Lateral transpsoas interbody fusion (LTIF) permits anterior column lumbar interbody fusion via a direct lateral approach. The authors sought to answer 3 questions. First, what is the effect of LTIF on lumbar foraminal area? Second, how does interbody cage placement affect intervertebral height? And third, how does the change in foraminal area and cage position correlate with changes in Oswestry Disability Index (ODI) and 12-Item Short Form Health Survey (SF-12) scores?


Included patients underwent LTIF with or without posterior instrumentation and received preoperative and postoperative CT scans. Disc heights, neural foraminal area between adjacent-level pedicles, and anteroposterior cage position were measured from sagittal CT images. Preoperative and postoperative ODI and SF-12 scores were matched with the change in foraminal area from the clinically most severely affected side for analysis of the relationship between outcomes instruments and change in foraminal area.

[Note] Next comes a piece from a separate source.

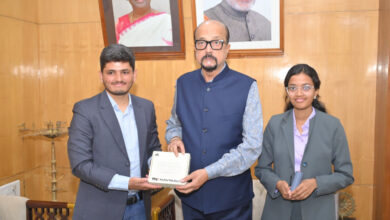 राज्यपाल रमेन डेका से यूनीसेफ के इमेजिन वेंचर के प्रथम भारतीय पुरस्कार विजेता ने की सौजन्य भेंट…. राज्यपाल रमेन डेका से यूनीसेफ के इमेजिन वेंचर के प्रथम भारतीय पुरस्कार विजेता ने की सौजन्य भेंट….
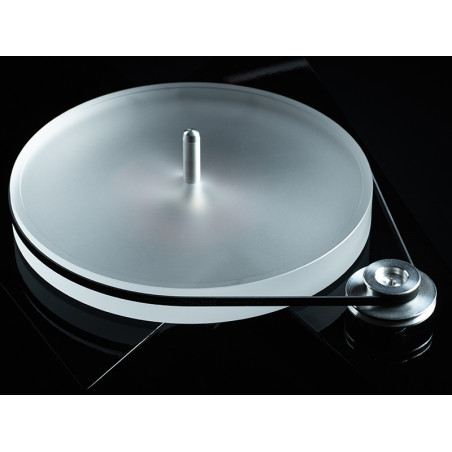 PRO-JECT AC/DC TURNTABLE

Average foraminal area increased by 36.2 mm2, or 35% of the preoperative area (p < 0.01), without statistically significant differences by side, level, or anteroposterior cage position. Preoperative anterior and posterior disc heights measured 6.2 mm and 3.7 mm, respectively, compared with postoperative measurements of 9.8 mm (p < 0.01) and 6.3 mm (p < 0.01), respectively, without significant differences by level or cage position. Despite significant overall improvement in ODI and SF-12 scores, there was no correlation with foraminal area increase.


Average foraminal area increased approximately 35% after cage placement without variation based on cage position. While ODI and SF-12 scores increased significantly, there was no significant association with cage position or foraminal area change, likely attributable to the multifactorial nature of preoperative pain.